======== Input records

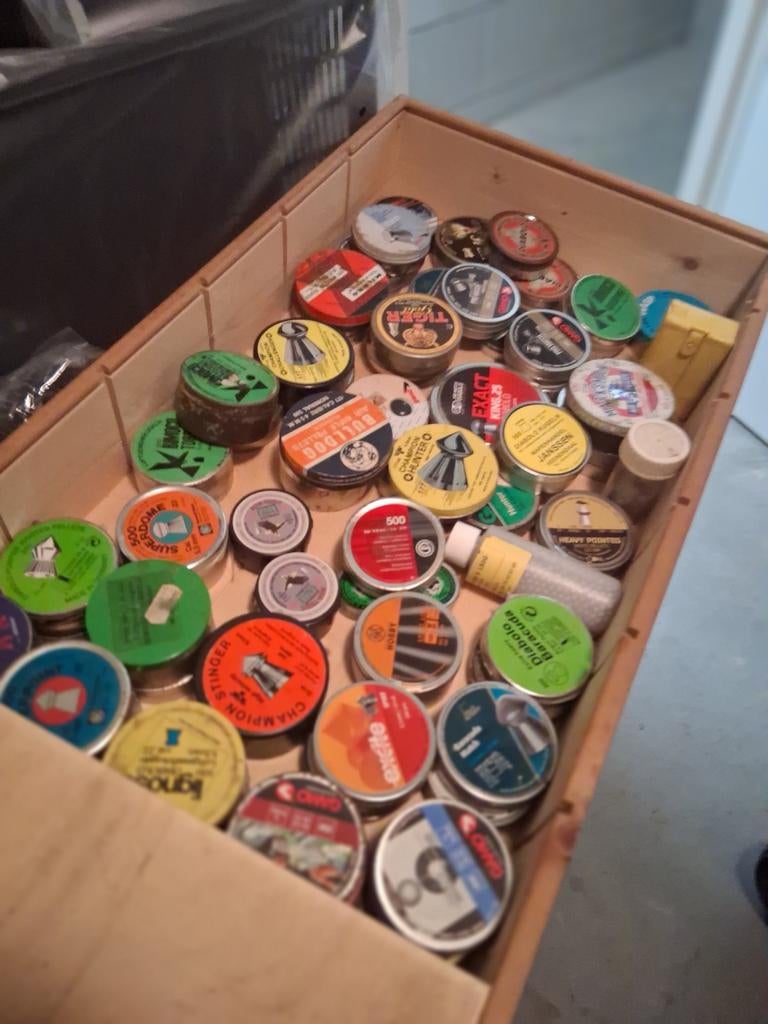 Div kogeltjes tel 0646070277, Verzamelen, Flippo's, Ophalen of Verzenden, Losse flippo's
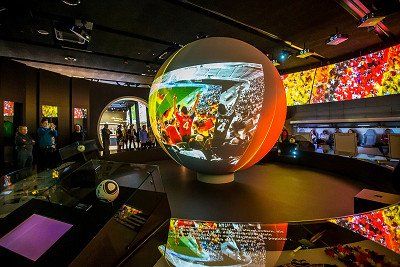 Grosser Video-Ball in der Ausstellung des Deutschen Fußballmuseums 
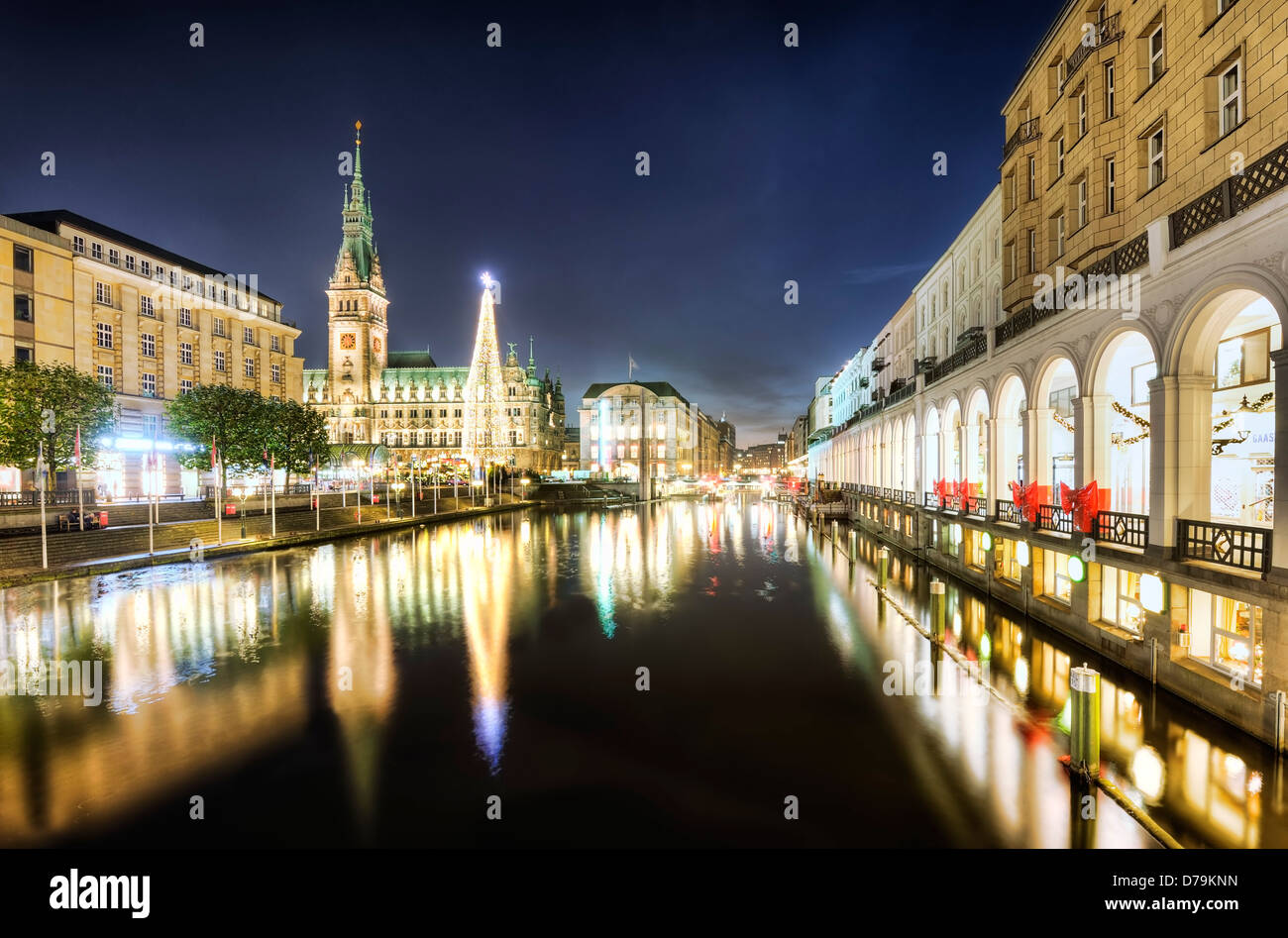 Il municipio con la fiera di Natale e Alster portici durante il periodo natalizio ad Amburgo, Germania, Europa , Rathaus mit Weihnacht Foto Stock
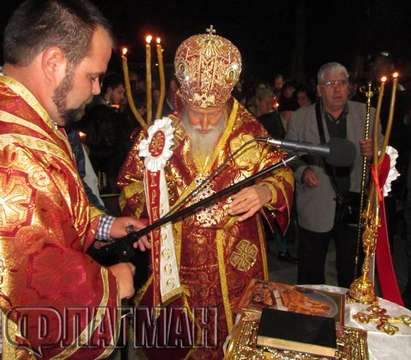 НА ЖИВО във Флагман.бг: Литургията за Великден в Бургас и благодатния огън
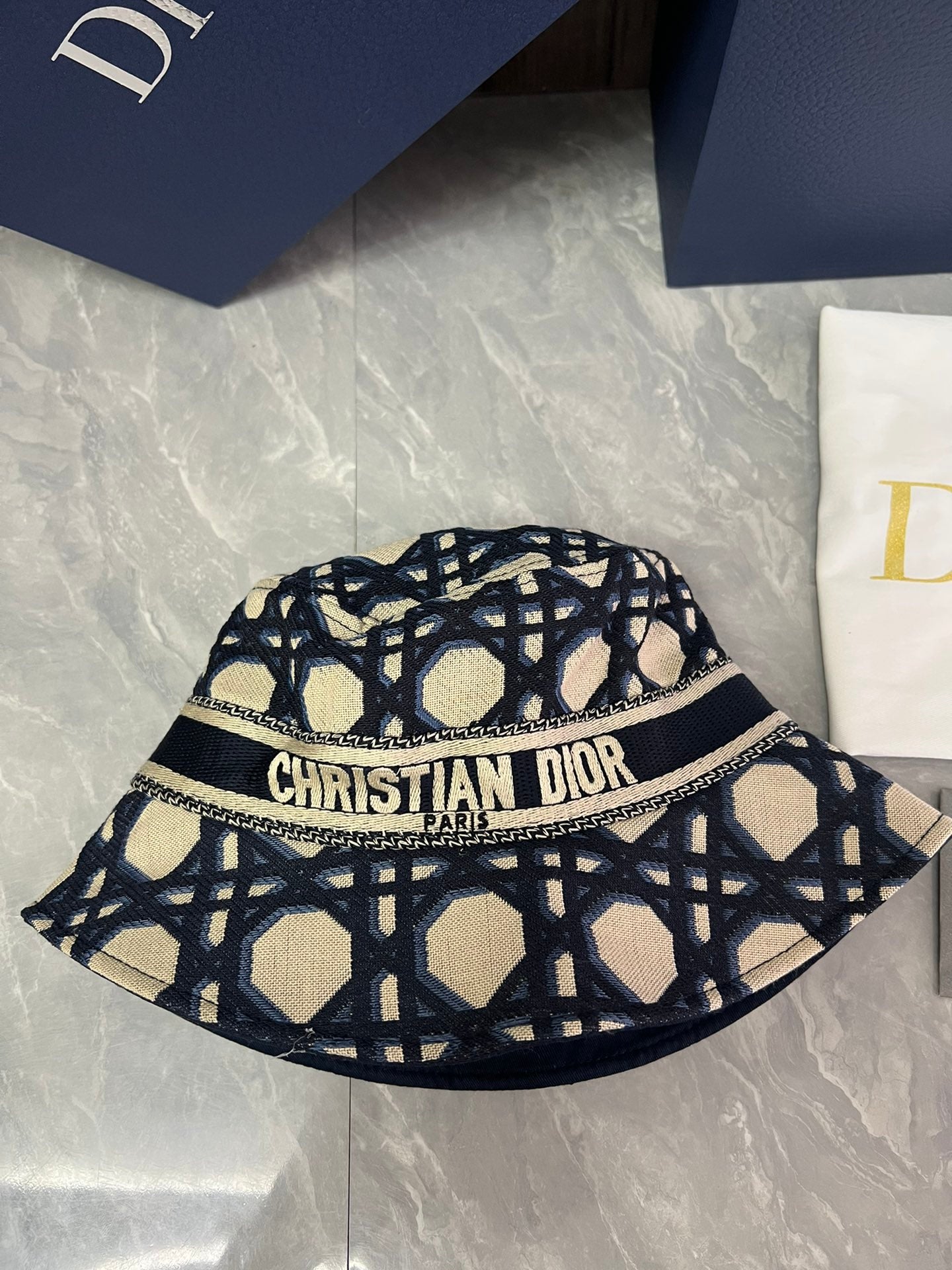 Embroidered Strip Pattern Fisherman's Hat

================

◆ About this exercise
Starting with the line containing "НА ЖИВО във" and ending with the last line of the records above, write out each line exactly; no pictures.

◆ Output of the task
 НА ЖИВО във Флагман.бг: Литургията за Великден в Бургас и благодатния огън
 Embroidered Strip Pattern Fisherman's Hat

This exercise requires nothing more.